Disclosure of Invention
The invention aims to overcome the defects of the prior art, provides a calibration-free method for dynamically installing a marine attitude reference, and solves the problem of installation calibration under the attitude reference dynamic condition.
The invention solves the technical problems in the prior art by adopting the following technical scheme:
a calibration-free method for dynamically installing marine attitude reference comprises the following steps:
step 1, installing transition plates at the ship body installation position and the wharf simultaneously under the static condition in the dock, and calibrating to obtain a mechanical zero position of the posture between the transition plates;
step 2, installing attitude reference equipment on the ship body under the static condition in the dock and performing attitude reference calibration;
and 3, under the offshore dynamic condition, firstly obtaining the electrical zero position of the gesture reference equipment relative to the wharf transition plate, and then calculating to obtain the zero position of the corresponding installation position of the ship body, thereby completing the gesture reference calibration.
The specific implementation method of the step 1 is as follows:
firstly, installing a transition plate at the position where attitude reference equipment is required to be installed on a ship body and in a wharf laboratory;
then, under static conditions in the dock, using a high-precision level gauge and a theodolite to measure and record the mechanical zero matrix of each transition plate relative to the dock transition plate
Finally, use high precisionLevel gauge and theodolite measure and record the mechanical zero matrix between each transition plate of the whole ship and the unified posture standard of the whole ship
In the above matrix, b 0 The coordinate system is a wharf transition plate coordinate system b i (i=1, 2, 3.) is the transition plate attitude matrix of each hull, and the s coordinate system is the global ship unified coordinate system.
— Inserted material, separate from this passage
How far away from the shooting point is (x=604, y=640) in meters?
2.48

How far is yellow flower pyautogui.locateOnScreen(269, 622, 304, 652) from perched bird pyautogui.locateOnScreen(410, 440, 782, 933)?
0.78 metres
The specific implementation method of the step 2 is as follows:
first, the attitude reference equipment p is installed on the dock transition plate b 0 Applying;
then, the attitude reference device p is measured by a high-precision level and a theodolite to obtain the attitude reference device p relative to the wharf transition plate b 0 Is of the electrical zero position of (2)The posture reference device p is mounted to the transition plate b i When in loading, the gesture zero position matrix needing binding is +.>Expressed as:
in the method, in the process of the invention,mechanical zero matrix between each transition plate of the whole ship recorded in step 1 and corresponding dock transition plate>And (3) a mechanical zero matrix between each transition plate of the whole ship and the unified posture reference of the whole ship recorded in the step (1) is recorded, and an s coordinate system is a unified coordinate system of the whole ship.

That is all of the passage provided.